Foi rápido, como costuma ser com projetos de interesse nacional (sim, contém ironia): o Senado aprovou na noite de quarta-feira (19), um projeto de lei que raspa os cofres públicos: vai buscar os chamados "restos a pagar" desde 2019. Vitória da oposição, já que o resultado é uma nova ameaça ao equilíbrio fiscal? Não, o autor foi o líder do governo no Congresso, Randolfe Rodrigues (PT-AP), e o relator, o líder do superoposicionista PL, Carlos Portinho (RJ).
Inimigos, inimigos, negócios à parte. Restos a pagar são valores que foram previstos nos orçamentos anuais, mas não efetivamente desembolsados. Em um país que não costuma ter sobras (superávit), isso significa necessidade de buscar nas já apertadas contas deste ano um espaço para cerca de R$ 4,6 bilhões. Falta a confirmação formal da Câmara dos Deputados, mas não há dúvida sobre esse desfecho, já que a votação na casa original foi 65 a 1.
E para que finalidade muito meritória serão aplicados esses recursos? Boa parte será destinada ao pagamento de emendas parlamentares – há suspeita de que inclua algumas das bloqueadas pelo Supremo Tribunal Federal (STF), o que os líderes envolvidos negam. Afinal, a maioria dos parlamentes não perde mesmo o sono com o risco embutido pelo aumento da dívida do Brasil.
A proposta é tão contraproducente que o Congresso adotou medidas para atenuar seu impacto (sim, ironia, etc). O pagamento poderá ser feito até o fim de 2026 – para o ano seguinte, está previsto o "estrangulamento orçamentário" reconhecido pelo ministro da Fazenda, Fernando Haddad.

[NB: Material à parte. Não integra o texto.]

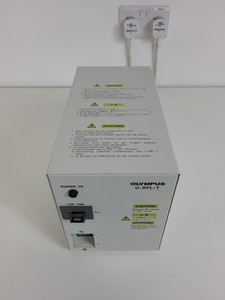 Thumbnail image of Olympus U-RFL-T 200 Power Supply for 100W High Press Mercury Burner Ballast Lab
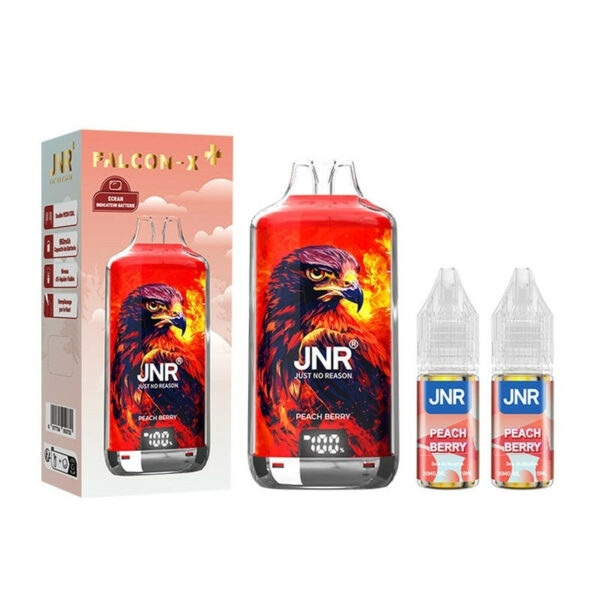 Falcon X 28K Peach Berry puff 28000 bouffées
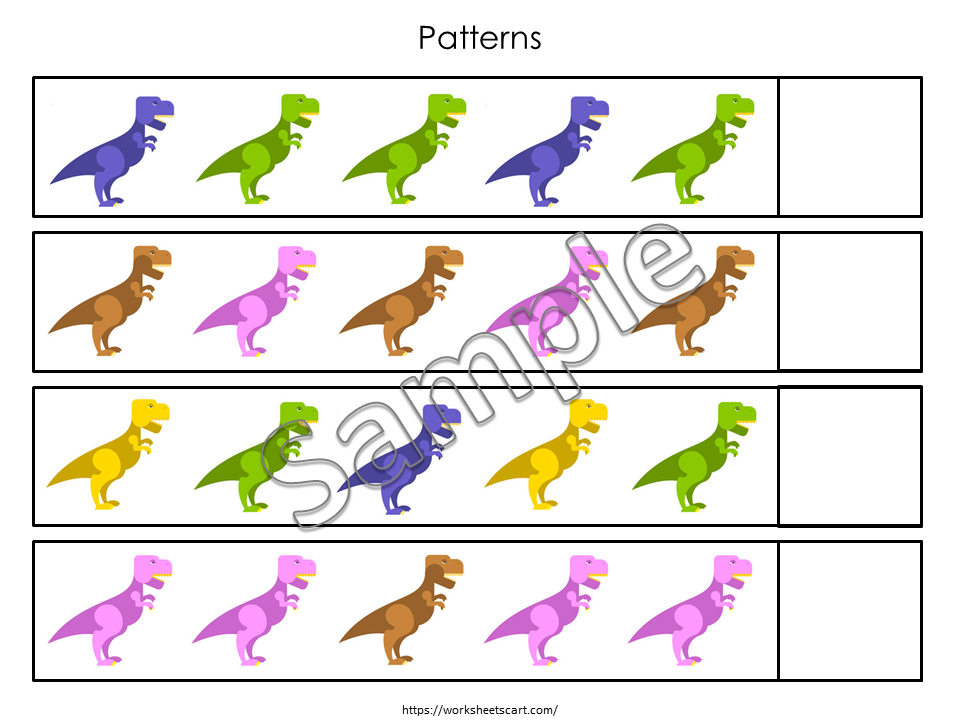 Printable Busy Book for Toddlers – Dinosaur Theme, Preschool Curriculum, Learning binder, Montessori Busy Binder, PreK Quiet Book, PDF, WWF149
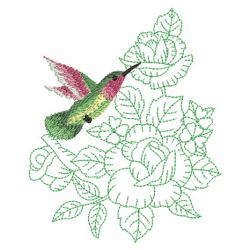 Spring Garden 08(Lg) machine embroidery designs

Ainda não se sabe como esse valor será acomodado, mas é bom lembrar que a votação do orçamento de 2025 ficou para este ano, com ameaça de nem ser se não houvesse acordo para pagar emendas, ao contrário do que prevê a legislação.
Nas contas do relator, do valor a ser liberado, R$ 2,4 bilhões seriam para despesas discricionárias (não obrigatórias), R$ 2,2 bilhões em emendas de relator (RP9, o antigo modelo do "orçamento secreto") e R$ 60 milhões em emendas de comissão (RP8, a nova versão desse mecanismo).
O executivo de plantão precisa ser cobrado e julgado pela falta de compromisso fiscal. Mas é preciso ao menos compartilhar essa responsabilização com o Congresso.